Thanks for providing 324.40118(1). Which still says that it is a violation of an order, but attaches misdemeanor penalities to it, which is still not denoted in 28.425b. 
I see now by checking other threads and former questions raised about your answers, you don't like to debate. 
Sorry as I was under the impression that a forum worked that way, I see that this one doesn't.


----------



## mich buckmaster (Nov 20, 2001)

Duhunter, So what you are saying is that it is OK to be a VIOLATOR because you are just going to get a misdemeaner. That is RIDICULOUS!!!!!

Boehr, Close this BS!!!!!!!


----------



## boehr (Jan 31, 2000)

Serves no purpose to debate what the law says. If you wish to debate, go to Sound Off. I see you continue to hide in anonymity though.


----------



## boehr (Jan 31, 2000)

fatboy said:


> "You have a choice, you can go bow hunting legally and not carry your pistol or you can carry your pistol and not bow hunt"
> 
> Agreed and obeyed ! The question is what purpose does the law serve? Is this a question that could be fairly debated in this forum? Is the mindset that bowhunters will start shooting deer with there pistol? I really cannot understand the logic.


fatboy asked a legit question and I did want to answer this for him.

I can't tell you why the law came about because that law was written before my time, decades ago. I can tell you that every year, yes 'every' year, all over the state we do catch people with firearms while bow hunting.

If you were to check with some of the deer processors in your area providing they will talk with you they could tell you that they find bullets in deer that they cut up during bow season that were supposedly shot with a bow. Some of the processors in my District have a very good relationship with the local officer and provide that type of information to the officers. That is also why my officers do routine inspections of deer processors, looking for deer taken illegally, not just bullets but many different things. That is just from the dummies that take a deer that was poached to a processor.

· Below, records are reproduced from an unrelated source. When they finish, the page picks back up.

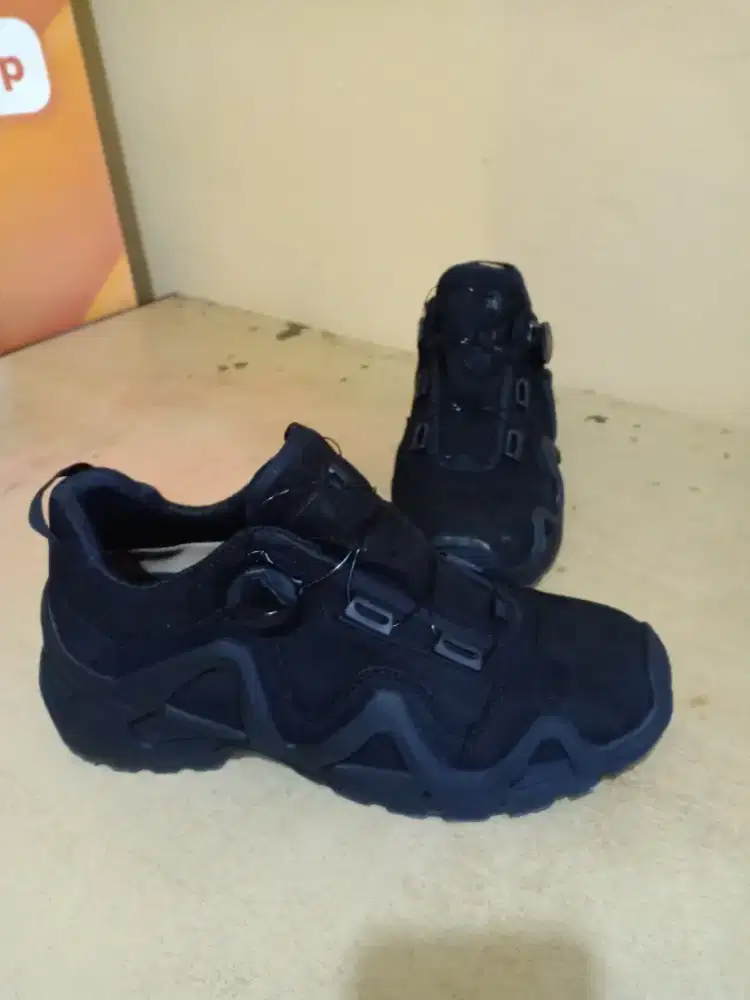 Sepatu pria tali putar size 42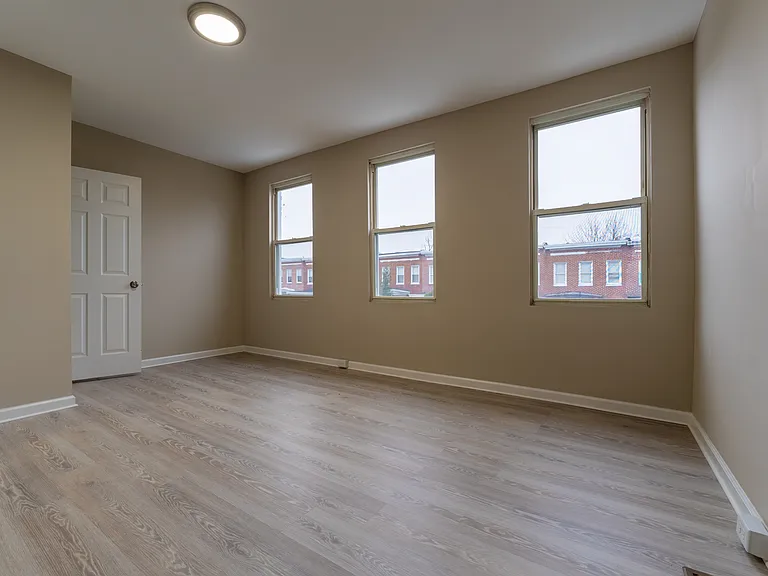 3220 Lyndale Ave — Photo 10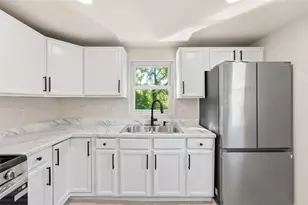 12022 Harvard Dr, Pittsburgh, PA 15235 - Photo 11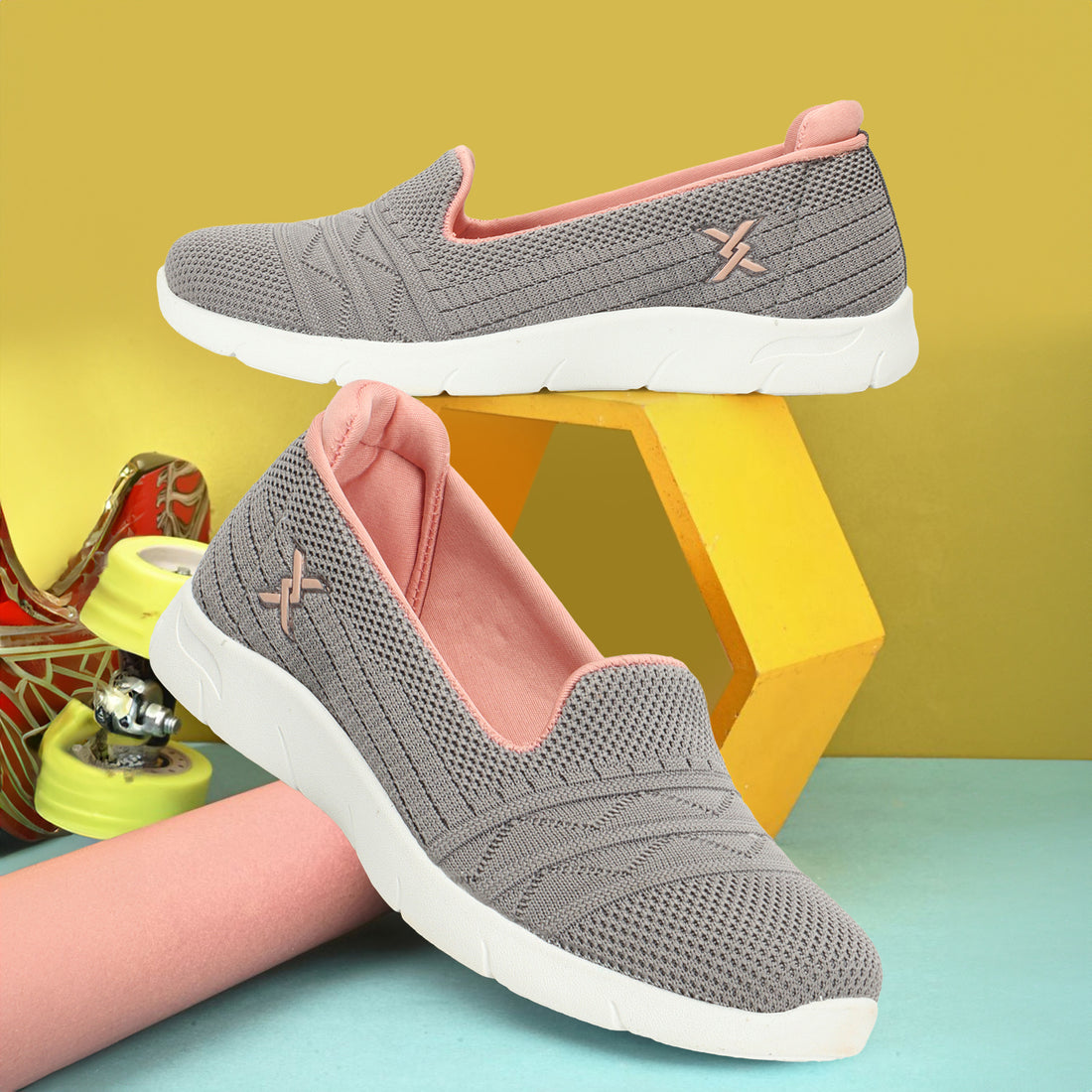 Women Textured Round Toe Flyknit Mesh Slip-On Sneakers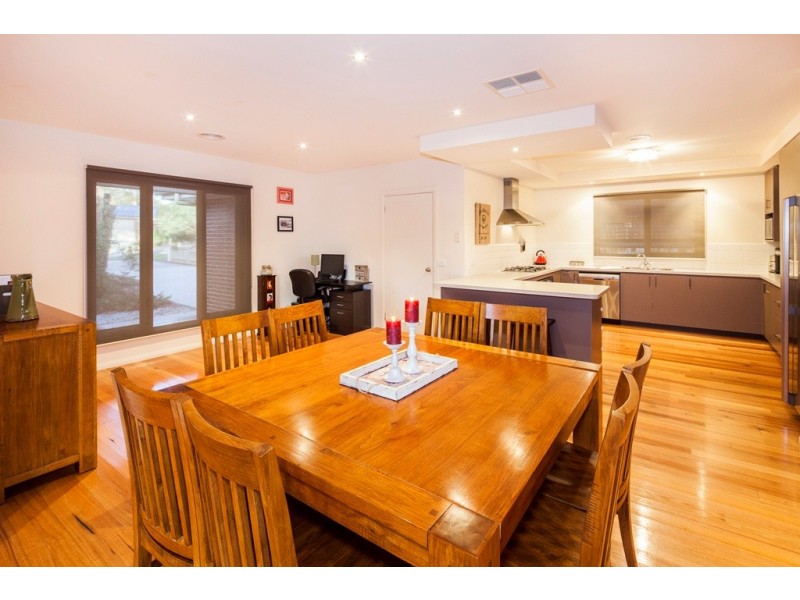 18 Yarra Gum Place, Mount Clear VIC 3350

The next thing is, why should it be ok for one person that has a carry permit to have a pistol while bow hunting and for a person who doesn't have a carry permit to wear the pistol exposed (wear it legally) while out bow hunting? Why don't we make it legal for a guy to take their shotgun while out bow hunting so it they see a grouse or squirrel they could shoot it with their shotgun? My main concern is, where does it stop?

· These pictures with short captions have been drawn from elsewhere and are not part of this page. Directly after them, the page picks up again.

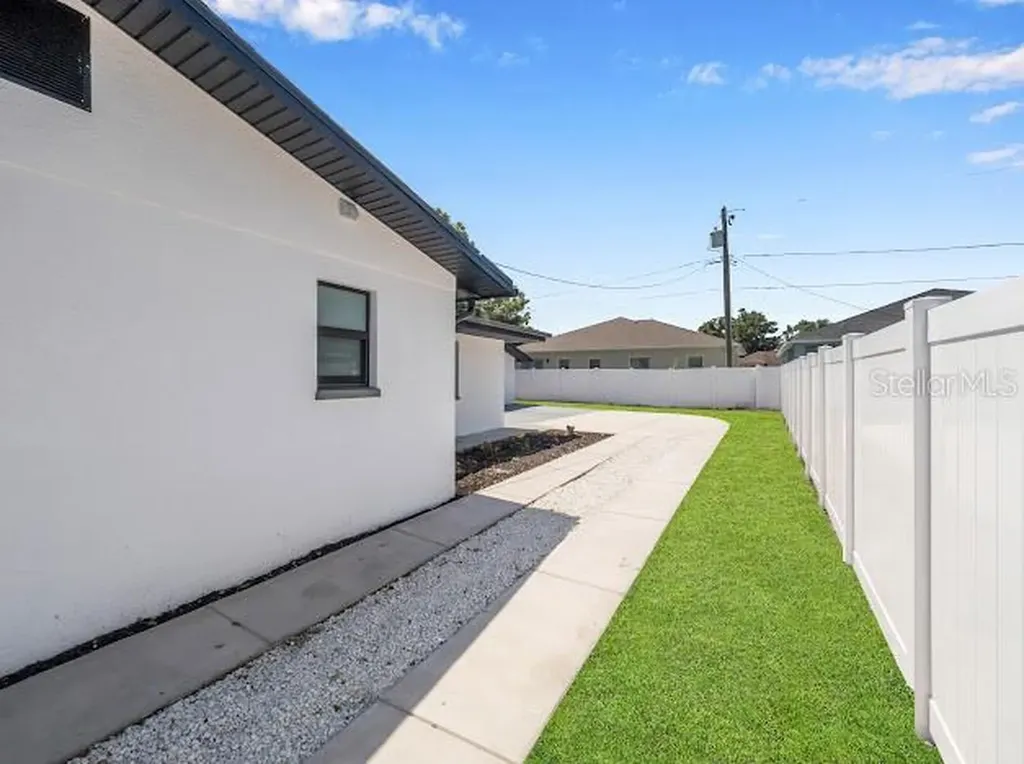 6040 84th Avenue N Pinellas Park FL 33781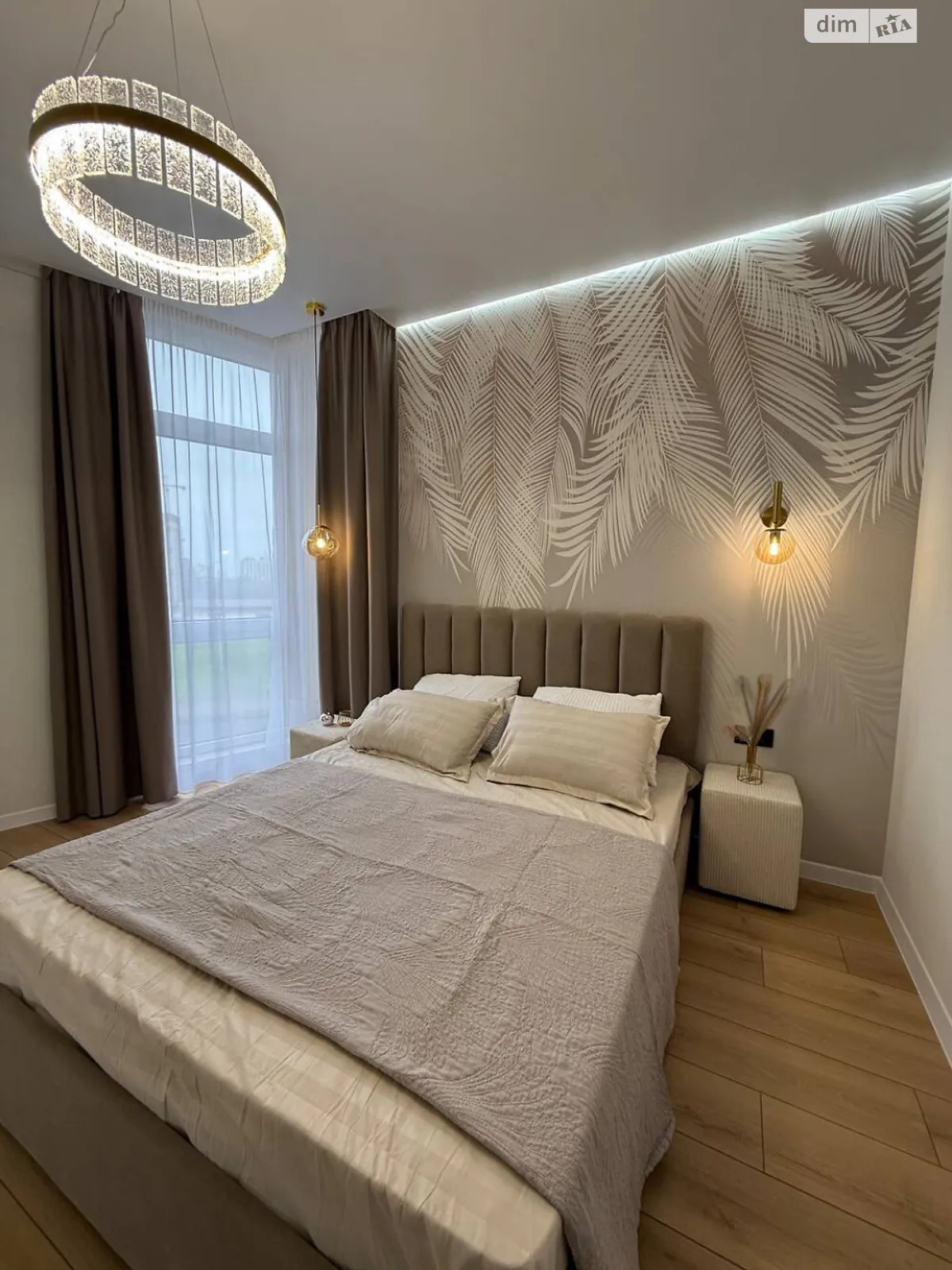 Продается 1-комнатная квартира 42 кв. м в Одессе, ул. Краснова - фото 1
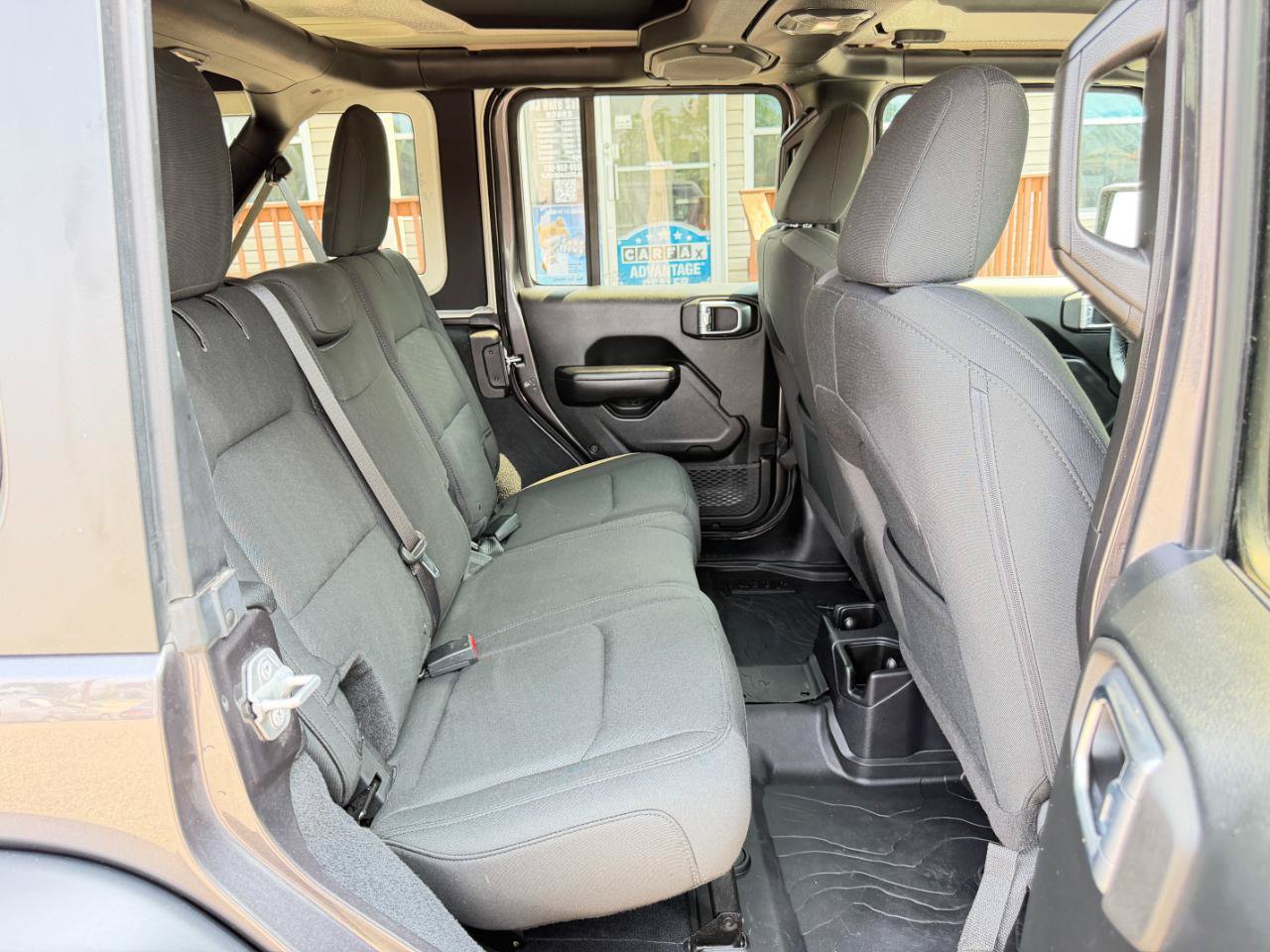 Used 2018 Jeep Wrangler Unlimited Sport S AWD/4WD image 43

Bow hunting is suppose to be a recreational activity. It has been done legally without a person having to carry a pistol for decades. Now all of a sudden, people come up with excuses like for protection from bears, trespassers, protection in general. These great hunters, that we lost so many prior to the change in the carry law, must have had one heck of a time before the change in the carry law.


----------